RALPH EDWARD HARDEN, JR., Appellant, v. THE STATE OF TEXAS, Appellee.
Ralph Edward Harden, Jr. appeals his convictions of aggravated sexual assault of a child (Count I) and indecency with a child (Count III). Appellant entered a plea of guilty before a jury to Counts I and III, and the trial court conducted a unitary proceeding.1 TEX.CODE CRIM.PROC.ANN. art. 26.14 (West 2009); see Frame v. State, 615 S.W.2d 766, 767 (Tex.Crim.App. 1981). The jury found Appellant guilty of both counts, and it assessed his punishment at imprisonment for a term of fifty-six years on Count I, and twenty years on Count II. We affirm.

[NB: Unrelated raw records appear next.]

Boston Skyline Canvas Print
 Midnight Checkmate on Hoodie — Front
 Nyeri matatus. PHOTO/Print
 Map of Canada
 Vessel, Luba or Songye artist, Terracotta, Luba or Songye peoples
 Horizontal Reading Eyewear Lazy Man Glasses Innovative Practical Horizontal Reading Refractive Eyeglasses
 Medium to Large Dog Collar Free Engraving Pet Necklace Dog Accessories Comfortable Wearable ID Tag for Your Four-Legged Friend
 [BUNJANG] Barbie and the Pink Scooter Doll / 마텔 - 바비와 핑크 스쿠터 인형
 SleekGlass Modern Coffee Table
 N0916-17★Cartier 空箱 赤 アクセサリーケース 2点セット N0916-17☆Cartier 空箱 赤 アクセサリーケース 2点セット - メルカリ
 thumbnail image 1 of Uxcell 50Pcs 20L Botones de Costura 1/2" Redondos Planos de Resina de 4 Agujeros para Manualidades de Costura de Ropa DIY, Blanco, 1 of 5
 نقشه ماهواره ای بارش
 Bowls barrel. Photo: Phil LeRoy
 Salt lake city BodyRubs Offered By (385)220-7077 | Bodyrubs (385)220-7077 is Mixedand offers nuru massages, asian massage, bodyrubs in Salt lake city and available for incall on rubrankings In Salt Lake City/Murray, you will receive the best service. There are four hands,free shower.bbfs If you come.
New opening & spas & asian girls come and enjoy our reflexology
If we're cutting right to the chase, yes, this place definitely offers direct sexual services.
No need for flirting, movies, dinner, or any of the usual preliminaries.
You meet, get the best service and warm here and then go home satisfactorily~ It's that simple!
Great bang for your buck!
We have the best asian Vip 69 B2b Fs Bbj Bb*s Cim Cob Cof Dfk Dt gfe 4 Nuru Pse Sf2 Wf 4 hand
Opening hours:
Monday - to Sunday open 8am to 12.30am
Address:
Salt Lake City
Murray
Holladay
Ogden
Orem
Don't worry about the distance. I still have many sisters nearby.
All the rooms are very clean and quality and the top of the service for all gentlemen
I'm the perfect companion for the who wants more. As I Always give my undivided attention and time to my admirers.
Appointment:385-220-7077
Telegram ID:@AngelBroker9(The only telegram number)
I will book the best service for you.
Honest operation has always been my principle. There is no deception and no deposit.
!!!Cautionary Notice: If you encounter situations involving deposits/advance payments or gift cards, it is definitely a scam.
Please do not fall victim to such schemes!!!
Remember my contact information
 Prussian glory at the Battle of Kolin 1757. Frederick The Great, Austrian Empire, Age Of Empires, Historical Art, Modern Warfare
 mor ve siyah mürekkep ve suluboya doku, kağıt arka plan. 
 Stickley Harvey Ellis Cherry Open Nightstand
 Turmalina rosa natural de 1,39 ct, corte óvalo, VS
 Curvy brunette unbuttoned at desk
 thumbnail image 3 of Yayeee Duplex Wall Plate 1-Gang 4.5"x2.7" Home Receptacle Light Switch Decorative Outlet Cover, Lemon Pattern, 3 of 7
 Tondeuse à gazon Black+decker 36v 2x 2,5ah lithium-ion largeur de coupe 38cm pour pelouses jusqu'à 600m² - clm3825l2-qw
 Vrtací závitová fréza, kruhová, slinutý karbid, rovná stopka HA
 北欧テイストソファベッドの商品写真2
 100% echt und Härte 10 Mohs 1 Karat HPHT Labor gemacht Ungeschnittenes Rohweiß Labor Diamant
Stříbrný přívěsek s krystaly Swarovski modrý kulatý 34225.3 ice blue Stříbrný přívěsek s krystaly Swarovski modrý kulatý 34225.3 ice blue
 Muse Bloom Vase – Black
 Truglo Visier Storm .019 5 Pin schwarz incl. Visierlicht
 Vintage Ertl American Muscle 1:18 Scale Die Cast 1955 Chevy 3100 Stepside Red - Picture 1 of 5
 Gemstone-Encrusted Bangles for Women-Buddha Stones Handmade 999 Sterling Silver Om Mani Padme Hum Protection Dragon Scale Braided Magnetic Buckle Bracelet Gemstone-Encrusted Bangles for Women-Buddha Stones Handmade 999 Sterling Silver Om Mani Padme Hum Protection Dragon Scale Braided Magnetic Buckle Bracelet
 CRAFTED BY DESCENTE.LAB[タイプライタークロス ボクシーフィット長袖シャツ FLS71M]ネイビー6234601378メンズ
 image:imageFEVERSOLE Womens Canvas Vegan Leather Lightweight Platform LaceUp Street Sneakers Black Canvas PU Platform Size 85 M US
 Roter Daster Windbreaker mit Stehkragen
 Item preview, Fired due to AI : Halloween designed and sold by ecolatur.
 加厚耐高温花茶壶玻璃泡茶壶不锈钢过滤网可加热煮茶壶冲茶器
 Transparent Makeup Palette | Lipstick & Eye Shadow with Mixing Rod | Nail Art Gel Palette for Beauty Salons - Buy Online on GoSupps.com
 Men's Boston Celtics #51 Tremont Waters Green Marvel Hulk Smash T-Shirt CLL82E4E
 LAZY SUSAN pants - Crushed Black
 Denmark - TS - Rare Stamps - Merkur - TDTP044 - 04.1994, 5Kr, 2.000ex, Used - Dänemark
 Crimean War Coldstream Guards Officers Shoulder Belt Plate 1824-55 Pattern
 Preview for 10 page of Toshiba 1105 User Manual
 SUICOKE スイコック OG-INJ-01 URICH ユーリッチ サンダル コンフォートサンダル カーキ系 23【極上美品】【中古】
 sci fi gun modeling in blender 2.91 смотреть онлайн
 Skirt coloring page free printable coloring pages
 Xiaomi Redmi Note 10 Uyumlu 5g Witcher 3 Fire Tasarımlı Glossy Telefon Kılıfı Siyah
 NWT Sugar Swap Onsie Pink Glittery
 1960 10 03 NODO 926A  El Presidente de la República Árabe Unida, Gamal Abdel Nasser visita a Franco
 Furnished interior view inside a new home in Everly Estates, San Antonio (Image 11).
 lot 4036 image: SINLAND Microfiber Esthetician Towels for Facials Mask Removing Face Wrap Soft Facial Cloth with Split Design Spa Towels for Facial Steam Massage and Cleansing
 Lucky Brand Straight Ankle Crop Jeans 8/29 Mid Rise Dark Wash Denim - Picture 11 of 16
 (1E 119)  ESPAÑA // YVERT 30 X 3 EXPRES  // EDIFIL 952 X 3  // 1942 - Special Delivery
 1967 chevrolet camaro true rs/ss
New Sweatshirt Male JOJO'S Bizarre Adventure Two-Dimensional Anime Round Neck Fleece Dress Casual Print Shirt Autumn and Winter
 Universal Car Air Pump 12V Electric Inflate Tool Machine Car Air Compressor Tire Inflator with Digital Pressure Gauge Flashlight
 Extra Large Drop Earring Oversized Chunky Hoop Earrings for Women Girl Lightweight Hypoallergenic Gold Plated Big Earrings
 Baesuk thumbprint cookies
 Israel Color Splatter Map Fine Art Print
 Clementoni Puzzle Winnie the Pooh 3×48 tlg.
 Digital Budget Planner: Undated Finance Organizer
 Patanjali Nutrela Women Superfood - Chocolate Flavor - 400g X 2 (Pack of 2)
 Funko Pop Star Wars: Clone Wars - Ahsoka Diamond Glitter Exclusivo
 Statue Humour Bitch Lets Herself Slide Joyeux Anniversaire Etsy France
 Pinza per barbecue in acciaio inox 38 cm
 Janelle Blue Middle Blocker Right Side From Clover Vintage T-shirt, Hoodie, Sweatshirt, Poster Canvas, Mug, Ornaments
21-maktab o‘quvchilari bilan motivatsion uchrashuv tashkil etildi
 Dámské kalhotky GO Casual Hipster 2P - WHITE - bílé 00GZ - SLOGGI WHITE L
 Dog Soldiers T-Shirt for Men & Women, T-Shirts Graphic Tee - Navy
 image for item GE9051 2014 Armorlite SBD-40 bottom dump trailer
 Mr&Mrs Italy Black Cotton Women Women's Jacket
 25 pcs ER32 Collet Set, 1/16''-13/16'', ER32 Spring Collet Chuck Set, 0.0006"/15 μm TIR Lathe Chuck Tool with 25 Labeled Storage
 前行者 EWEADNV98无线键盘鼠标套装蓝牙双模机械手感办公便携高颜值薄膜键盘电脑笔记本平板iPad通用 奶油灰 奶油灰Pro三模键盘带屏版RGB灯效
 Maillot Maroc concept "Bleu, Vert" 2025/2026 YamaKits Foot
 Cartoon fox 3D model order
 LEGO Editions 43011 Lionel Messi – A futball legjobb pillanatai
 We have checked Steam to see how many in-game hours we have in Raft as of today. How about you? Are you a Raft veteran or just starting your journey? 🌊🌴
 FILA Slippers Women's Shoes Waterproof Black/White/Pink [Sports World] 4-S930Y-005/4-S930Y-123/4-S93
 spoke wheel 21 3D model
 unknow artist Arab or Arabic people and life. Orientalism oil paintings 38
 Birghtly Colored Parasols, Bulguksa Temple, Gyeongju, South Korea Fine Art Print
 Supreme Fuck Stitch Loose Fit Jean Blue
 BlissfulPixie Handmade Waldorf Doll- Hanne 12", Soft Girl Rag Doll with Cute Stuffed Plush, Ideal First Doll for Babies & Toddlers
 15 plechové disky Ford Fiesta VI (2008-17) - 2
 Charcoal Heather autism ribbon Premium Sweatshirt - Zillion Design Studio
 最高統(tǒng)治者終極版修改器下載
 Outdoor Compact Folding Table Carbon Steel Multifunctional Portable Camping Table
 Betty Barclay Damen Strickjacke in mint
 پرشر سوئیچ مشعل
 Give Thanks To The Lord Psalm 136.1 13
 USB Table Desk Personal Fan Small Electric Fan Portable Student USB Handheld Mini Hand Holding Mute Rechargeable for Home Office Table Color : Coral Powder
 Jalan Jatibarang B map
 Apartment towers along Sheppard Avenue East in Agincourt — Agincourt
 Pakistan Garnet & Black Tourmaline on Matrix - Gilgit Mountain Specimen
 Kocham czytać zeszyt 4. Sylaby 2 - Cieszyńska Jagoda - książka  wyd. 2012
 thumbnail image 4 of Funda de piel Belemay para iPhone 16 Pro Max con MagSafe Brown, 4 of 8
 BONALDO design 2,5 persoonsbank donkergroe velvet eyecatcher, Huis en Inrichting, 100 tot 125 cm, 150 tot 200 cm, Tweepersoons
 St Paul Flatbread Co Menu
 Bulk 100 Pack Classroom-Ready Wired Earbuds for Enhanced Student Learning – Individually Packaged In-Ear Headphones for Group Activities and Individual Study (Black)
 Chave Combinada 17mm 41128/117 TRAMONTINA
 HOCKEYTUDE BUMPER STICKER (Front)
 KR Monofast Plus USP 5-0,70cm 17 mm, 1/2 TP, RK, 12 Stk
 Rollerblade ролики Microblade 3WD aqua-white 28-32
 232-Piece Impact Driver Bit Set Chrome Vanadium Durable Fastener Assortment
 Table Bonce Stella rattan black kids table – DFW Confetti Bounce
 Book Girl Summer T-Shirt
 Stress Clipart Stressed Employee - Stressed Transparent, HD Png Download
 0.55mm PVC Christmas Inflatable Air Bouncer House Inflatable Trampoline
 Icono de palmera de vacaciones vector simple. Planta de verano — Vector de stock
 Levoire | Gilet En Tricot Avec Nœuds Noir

Appellant's court-appointed counsel has filed a brief in which he has concluded that the appeal is wholly frivolous and without merit. The brief meets the requirements of Anders v. State of California, 386 U.S. 738, 87 S.Ct. 1396, 18 L.Ed.2d 493 (1967), by presenting a professional evaluation of the record demonstrating why, in effect, there are no arguable grounds to be advanced. See In re Schulman, 252 S.W.3d 403, 406 n.9 (Tex.Crim.App. 2008) (“In Texas, an Anders brief need not specifically advance ‘arguable’ points of error if counsel finds none, but it must provide record references to the facts and procedural history and set out pertinent legal authorities.”); High v. State, 573 S.W.2d 807 (Tex.Crim.App. 1978). Counsel has notified the Court in writing that he has delivered a copy of counsel's brief and the motion to withdraw to Appellant, and he has advised Appellant of his right to review the record, file a pro se brief, and to seek discretionary review. Kelly v. State, 436 S.W.3d 313, 318-20 (Tex.Crim.App. 2014)(setting forth duties of counsel). We granted Appellant's motion for access to the appellate record and provided him with a copy of the record. Appellant has not filed a pro se brief.
After carefully reviewing the record and counsel's brief, we conclude that the appeal is wholly frivolous and without merit. Further, we find nothing in the record that might arguably support the appeal. The judgment of the trial court is affirmed.
1. The State dismissed Counts II and IV.